First year Alex McDowell discusses his on going personal project ‘Fatima’ and his developing methodology which includes shooting large format camera portraits and experimenting with the Wet Plate Collodion Process.

“During these odd times, I decided to stop, step back, and completely change the method and theory behind my photography. Rushing when shooting has always been an issue of mine, a problem I have endeavoured to rectify since starting further education.

When looking at the works of Sally Mann, Helmut Newton and so on, I was inspired to explore more alternative processes, such as wet plate collodion and large format film; not just shooting but the development process too. Spending time using the collodion process completely changed my outlook, the process is only sensitive to UV light, and once the plate is prepared must be shot and developed within 10-15 minutes. 
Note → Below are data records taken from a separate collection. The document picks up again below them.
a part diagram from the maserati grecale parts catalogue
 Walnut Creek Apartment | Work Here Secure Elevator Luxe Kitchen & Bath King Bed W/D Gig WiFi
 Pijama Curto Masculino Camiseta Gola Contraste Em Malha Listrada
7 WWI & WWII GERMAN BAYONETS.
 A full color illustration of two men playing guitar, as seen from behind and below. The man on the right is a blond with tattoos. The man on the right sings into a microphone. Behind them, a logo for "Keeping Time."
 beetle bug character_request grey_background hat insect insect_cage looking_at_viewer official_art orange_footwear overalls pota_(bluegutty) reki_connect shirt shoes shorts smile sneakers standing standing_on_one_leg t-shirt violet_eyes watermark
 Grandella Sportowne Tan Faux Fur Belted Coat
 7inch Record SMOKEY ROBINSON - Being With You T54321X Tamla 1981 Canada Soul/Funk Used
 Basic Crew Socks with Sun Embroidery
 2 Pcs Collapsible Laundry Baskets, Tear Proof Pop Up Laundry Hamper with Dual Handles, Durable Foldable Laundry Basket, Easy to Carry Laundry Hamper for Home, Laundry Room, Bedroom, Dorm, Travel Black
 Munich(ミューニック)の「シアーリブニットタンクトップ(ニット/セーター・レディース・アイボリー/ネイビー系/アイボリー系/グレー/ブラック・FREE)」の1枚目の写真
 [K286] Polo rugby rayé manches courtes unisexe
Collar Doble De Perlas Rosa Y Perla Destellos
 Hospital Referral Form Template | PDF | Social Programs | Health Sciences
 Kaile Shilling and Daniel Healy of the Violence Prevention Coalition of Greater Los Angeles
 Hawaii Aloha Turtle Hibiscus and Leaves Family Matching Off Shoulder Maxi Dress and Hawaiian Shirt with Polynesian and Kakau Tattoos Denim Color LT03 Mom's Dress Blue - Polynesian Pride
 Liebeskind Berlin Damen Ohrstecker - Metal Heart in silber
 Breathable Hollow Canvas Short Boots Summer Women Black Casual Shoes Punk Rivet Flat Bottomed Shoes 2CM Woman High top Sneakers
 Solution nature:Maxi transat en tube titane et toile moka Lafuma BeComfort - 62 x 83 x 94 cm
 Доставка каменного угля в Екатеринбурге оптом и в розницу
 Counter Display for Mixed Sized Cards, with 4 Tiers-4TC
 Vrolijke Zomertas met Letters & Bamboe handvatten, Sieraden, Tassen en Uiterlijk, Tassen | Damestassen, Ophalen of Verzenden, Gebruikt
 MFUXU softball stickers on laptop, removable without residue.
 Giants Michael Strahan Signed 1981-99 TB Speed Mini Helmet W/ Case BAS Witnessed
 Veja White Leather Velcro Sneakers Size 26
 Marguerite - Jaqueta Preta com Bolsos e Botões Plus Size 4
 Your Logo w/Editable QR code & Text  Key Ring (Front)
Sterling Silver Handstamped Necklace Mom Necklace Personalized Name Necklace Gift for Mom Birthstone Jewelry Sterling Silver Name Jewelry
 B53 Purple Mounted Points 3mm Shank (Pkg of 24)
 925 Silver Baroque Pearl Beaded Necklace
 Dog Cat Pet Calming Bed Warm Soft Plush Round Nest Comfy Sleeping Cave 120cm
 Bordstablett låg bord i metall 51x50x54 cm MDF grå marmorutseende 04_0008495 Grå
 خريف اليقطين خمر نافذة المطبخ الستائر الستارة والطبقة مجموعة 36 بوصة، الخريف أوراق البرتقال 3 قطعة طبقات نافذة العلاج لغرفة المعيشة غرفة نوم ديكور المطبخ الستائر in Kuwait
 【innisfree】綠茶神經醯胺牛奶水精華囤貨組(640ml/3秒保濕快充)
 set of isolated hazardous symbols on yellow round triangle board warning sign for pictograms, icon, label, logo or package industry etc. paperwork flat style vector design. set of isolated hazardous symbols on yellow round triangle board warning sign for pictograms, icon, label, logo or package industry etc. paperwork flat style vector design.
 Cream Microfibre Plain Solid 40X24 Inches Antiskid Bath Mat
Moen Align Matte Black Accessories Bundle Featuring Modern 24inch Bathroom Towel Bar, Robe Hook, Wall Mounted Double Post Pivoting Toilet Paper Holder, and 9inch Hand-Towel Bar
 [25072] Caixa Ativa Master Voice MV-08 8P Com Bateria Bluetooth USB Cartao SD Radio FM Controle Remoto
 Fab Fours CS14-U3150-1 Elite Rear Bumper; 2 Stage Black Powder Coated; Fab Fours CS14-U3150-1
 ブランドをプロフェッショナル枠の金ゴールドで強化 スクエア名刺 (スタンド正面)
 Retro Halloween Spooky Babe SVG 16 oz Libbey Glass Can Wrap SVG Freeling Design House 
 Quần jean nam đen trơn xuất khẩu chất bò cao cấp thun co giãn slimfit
My first plate was prepared and loaded into the holder, absolutely no preparation with the model meant by the time we had set up and focused, the plate was dry and ruined. Over the next 8-10 plates, I began to focus my attention more on light, pose and focus; all before the plate was poured; slowing down my thought process, preparation, staging and shooting time.

Skills I have now applied to shooting portraits, especially in large format. This research and practice has informed and inspired my new 4×5 zine project – ‘Fatima’; exploring the effects of Covid-19 on people in the creative arts and live performance industries.”